Well, as you'd expect, quantitative easing is pretty much exactly what I'm talking about when I decry currency's hold on citizens. I have no idea what the solution is, but I know that QE and lots of other financial practices are dishonest and border on immoral (in my opinion). Politically, QE makes your numbers as a leader look great; but the price is paid by others who aren't in positions of power.

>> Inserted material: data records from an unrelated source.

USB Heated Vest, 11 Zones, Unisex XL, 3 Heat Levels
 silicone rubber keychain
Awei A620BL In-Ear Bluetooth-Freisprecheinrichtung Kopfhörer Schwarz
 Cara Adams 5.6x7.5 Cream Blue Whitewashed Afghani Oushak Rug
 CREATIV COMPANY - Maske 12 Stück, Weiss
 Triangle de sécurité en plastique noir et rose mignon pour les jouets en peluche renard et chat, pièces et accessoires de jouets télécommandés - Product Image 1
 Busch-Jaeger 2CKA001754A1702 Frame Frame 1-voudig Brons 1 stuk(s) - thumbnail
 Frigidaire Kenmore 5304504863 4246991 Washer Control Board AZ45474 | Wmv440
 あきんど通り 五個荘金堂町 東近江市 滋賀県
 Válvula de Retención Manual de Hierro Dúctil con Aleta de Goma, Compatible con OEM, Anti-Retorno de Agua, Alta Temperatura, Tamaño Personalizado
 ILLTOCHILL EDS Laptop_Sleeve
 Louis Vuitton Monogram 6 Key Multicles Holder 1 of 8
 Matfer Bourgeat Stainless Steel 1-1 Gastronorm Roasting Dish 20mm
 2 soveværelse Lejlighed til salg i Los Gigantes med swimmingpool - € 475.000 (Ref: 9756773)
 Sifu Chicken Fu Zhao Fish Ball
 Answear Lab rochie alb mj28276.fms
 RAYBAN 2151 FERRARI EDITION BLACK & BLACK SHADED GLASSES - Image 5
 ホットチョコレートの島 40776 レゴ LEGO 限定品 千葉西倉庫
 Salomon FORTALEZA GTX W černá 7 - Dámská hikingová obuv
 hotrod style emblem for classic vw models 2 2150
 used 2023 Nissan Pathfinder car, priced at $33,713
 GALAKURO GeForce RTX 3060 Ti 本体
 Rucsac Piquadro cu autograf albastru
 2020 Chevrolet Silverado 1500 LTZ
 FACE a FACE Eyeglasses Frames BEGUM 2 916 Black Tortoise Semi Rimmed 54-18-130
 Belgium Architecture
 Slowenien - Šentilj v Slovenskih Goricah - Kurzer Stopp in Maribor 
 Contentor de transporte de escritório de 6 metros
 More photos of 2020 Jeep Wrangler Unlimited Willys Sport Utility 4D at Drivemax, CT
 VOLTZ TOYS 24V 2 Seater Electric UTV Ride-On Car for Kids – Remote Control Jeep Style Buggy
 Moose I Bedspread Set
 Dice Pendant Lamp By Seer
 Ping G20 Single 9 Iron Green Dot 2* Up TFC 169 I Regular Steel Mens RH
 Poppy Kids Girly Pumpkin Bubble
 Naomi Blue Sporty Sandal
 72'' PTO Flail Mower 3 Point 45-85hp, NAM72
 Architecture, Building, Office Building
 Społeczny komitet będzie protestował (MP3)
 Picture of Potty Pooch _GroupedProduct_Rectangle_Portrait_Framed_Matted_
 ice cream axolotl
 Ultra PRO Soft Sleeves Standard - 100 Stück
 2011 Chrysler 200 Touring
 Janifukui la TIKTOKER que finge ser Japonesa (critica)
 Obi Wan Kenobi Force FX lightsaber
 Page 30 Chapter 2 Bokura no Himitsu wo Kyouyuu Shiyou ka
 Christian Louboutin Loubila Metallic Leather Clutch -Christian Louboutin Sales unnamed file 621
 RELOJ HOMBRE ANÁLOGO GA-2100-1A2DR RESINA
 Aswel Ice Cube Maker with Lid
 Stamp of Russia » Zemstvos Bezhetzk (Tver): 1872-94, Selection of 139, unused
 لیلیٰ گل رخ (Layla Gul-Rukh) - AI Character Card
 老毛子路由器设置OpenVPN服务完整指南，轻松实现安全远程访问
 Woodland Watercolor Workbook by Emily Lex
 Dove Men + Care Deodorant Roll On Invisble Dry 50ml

It's a difficult issue. If we assume that currency is a proxy for time (and not everyone's time is measured with equal value) then the issuing new currency means that the present pool of currency should be diluted, and decreases in value. However, every time a loan or similar contract is made, currency is created. There was an interesting paper recently published by the Bank of England that concluded that it is the banks that typically drive the rate of currency creation. That being the case, then loans themselves would be suspect. But, what would be the consequence of living in a world without lending? It seems to me that an economy that has both inflating assets as well as deflating assets is probably the healthiest approach, and every individual should be able to move wealth between the two, so both opportunity and shelter could be sought when needed. IMHO the Keynesians and Austrian economists are probably both right and wrong in equal measure, and practicing either one exclusively is likely to cause trouble after a time. wasoxygen :)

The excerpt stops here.